諏訪の四社は一つ括りにすべきでないような対立してきた上社、下社の二勢力を合わせたものだし、歴史は案外と血生臭く下世話なものに思えてしまう。それでも神殿と古木は素晴らしい。
山を降り評判の高い「古畑」を訪ねてみたら休日。そこで隣の「おび川」で4500円の鰻重竹を注文する。梅よりも上を頼んだことなどこれまでないかもしれない。朝御飯を抜いたから値段的には変わらないなどと自分に言い訳をする。
このツヤと照り。食べてる間、いや、人生も悪くないと思う。
「竹」にもなると下段にも鰻が入る二層式なのですね。初めて見る世界。シンガポールのモスバーガーに鰻ライスバーガーというものがあったけれどもあれはご飯が鰻を挟んでいた。ご飯が鰻に挟まれている状態はどう表現すべきなのか。
残念ながら2日目は何かと不発なようで酒蔵巡りはどこも試飲や蔵見学を休止中とのこと。蔵に来た意味がなくなってしまった。
店の人も申し訳無さそうに対応してくださるが本当に気の毒なのは酒蔵さんだ。開催されていれば私も1800円の飲み比べ手形のようなものを買って飲み歩いただろうし、どれか気に入ったものの4合瓶を少なくとも買って帰ったと思う。しかし試飲できずどれが好みかもわからなかったので買わずに帰ってしまった。悪いのはコロナ。
横笛の写真を撮り忘れた。真澄も訪れたが真澄は比較的東京でも流通しているお酒なので私の関心はどちらかというと麗人、本金、舞姫。
片倉館へ。三代に渡って日本の近代養蚕業の発展に関わった片倉家。シルクエンペラーと呼ばれたらしい。あの富岡製糸工場も後に二代目が買収している。今年は我が家でも蚕を繭になるまで育てたので少しばかり片倉館に愛着が湧く。しかし蚕に関する展示などはほとんど無かった。
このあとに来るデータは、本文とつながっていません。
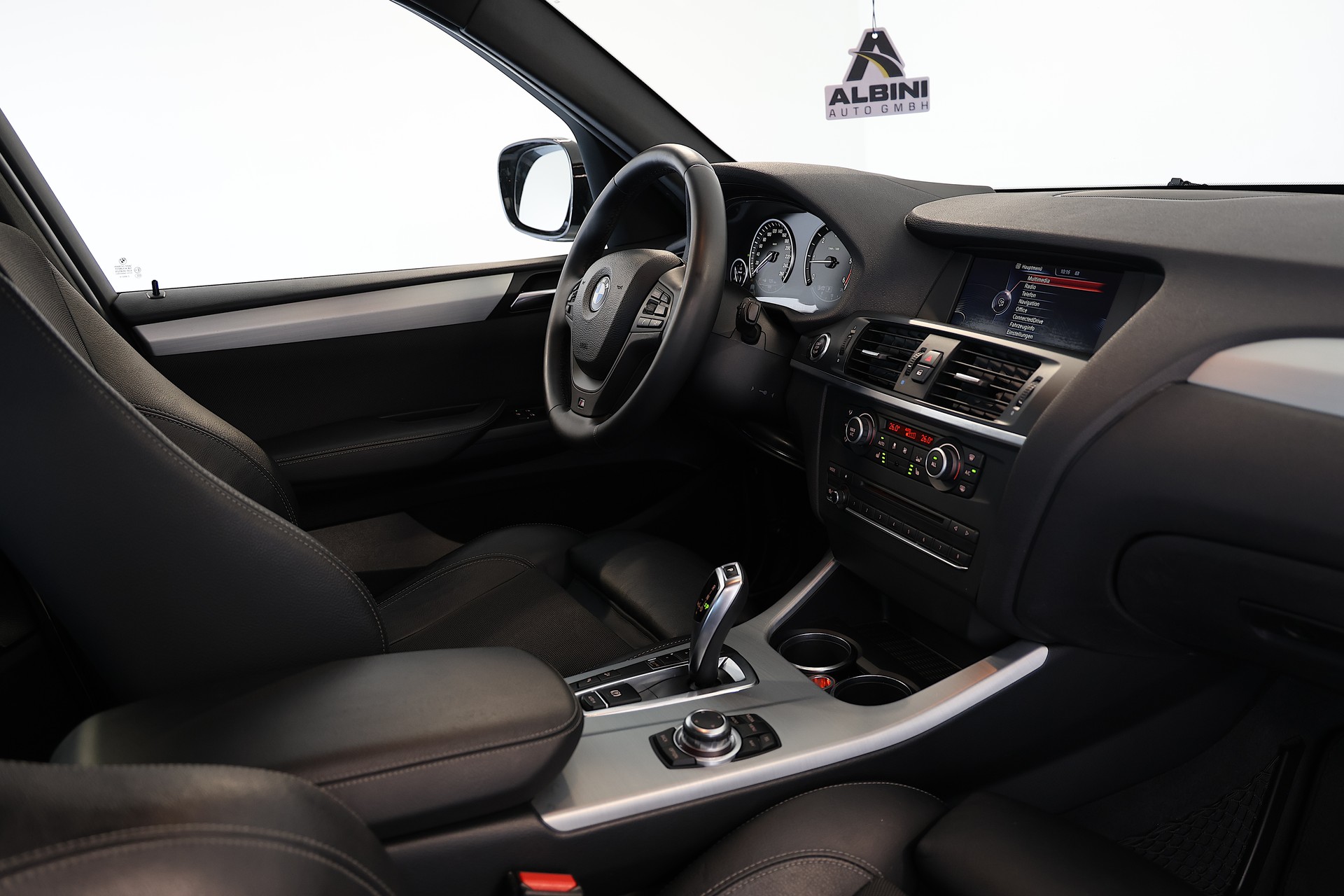 BMW X3 xDrive 20d M-Sport Steptronic-image-13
二代目片倉兼太郎が欧州視察後に当地の温泉厚生施設に感銘を受けて温泉、社交、娯楽、文化向上のために建てたのがこの片倉館だという。
欄間や建具の装飾を見ても案外、簡素で贅を尽くしているとは言い難い内装だったのだが自分の邸宅ではなく寄贈した市民温泉文化センターだと思うと十分に豪華なのかもしれない。ウリは今でも入れる千人風呂だが大きな温泉旅館ホテルの大浴場に慣れた現代人には全く驚くような大きさでもないが、100年近く前の昭和3年当時では「千人風呂」と興奮気味に名付けるほど画期的だったのだろう。
栄華を誇った片倉財閥も戦後には衰退して片倉工業として存続しているものの年商400億円の中小企業となってしまっている。養蚕事業からは撤退していて何故か埼玉のコクーンシティなどの不動産業なんかも手がけていたり。コクーン=繭と名付けたところに祖業への愛着の片鱗が見える。富岡製糸場の保全や片倉館の維持など歴史文化遺産をしっかりと残す姿勢に敬意を払いたい。
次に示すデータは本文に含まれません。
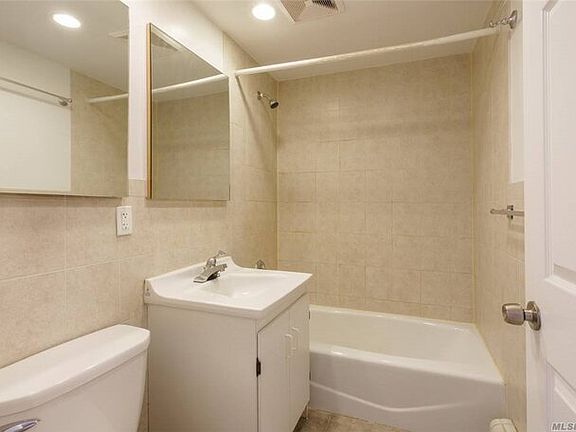 5th image of 23-25 30th Dr #1B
小腹が減ったのでその道の並びにある「くらすわ」へ。新しい施設で1階にベーカリーや工芸飲食物産。ベーカリーもお洒落な流行りのブランジェリーといったメニューでしかも珈琲250円、ホットドックも350円とリーズナブル。冷蔵庫に冷えた地ビールや地酒を1階か諏訪湖の眺められる屋上テラスに持っていって食べられる。
曇り空だが風があって気持ちが良い。
私の好きなオラホビールもあったがここは先ほど何も買わずに後にしてしまった麗人酒造のビールを選んだ。麗人酒造の醸したビールはアメリカで2年に1度開催される世界で最もエントリー数の多いWorld Beer Cupでブロンドエール部門で銅賞に輝いたそうだ。しかも2018年度は日本からはCOEDOとこの2つしか入賞していないので実はかなりの掘り出し地ビールが上諏訪の五日本酒蔵めぐりの酒蔵「麗人」で醸されているようだ。飲んだだけでその違いがわかるほど私の舌は肥えていないが普通に美味しいアタリのブロンドビールだった。
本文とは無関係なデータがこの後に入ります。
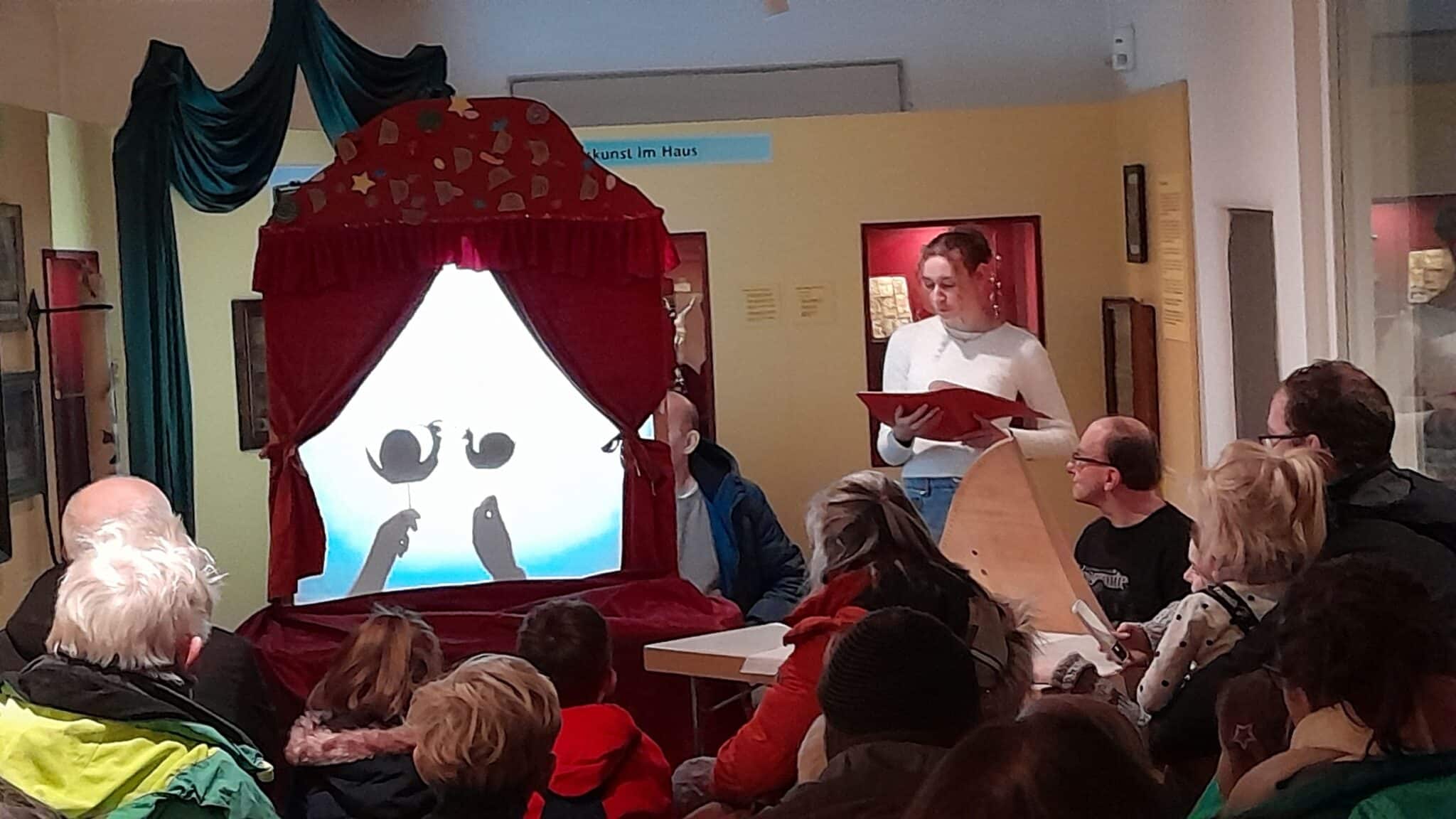 Kunsthandwerk, Kindertheater & Weihnachtswerkstatt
アテにはメンチカツ、チーズレーズン胡桃サンドを選んだ。
ビールにより合うのはメンチカツかね。
駅までのお供にさらに350円のソフトクリームを買って食べ歩いたのだが、牛乳の味が濃厚で美味しかった。「くらすわ」は家族で上諏訪に来た際にまた寄りたい。
ツルヤスーパーが駅前にあることを上諏訪駅で降りた時点で確認していたので土産物は全てここで買うつもりでいた。温泉饅頭なんかよりも長野県民が普段買いする信州生蕎麦や胡桃ダレ、炊き込みご飯の素やドライフルーツの方が喜ばれる。
愛媛県産不知火
広島瀬戸田産しらぬひ
瀬戸田産みかん
別の商品として出す意味はありますかなどと聞いたら怒られるんだろうな。「食べてみな、全然違うから!」
ほかにもブラッドオレンジや林檎各種などたくさん種類がある。
冒険した品としては西尾抹茶バタースプレッドとあおさ海苔の瓶を買ってみたがマツヤスーパーのことだから多分美味しい。私はマツヤスーパー商品開発部に並々ならぬ敬意を抱いている。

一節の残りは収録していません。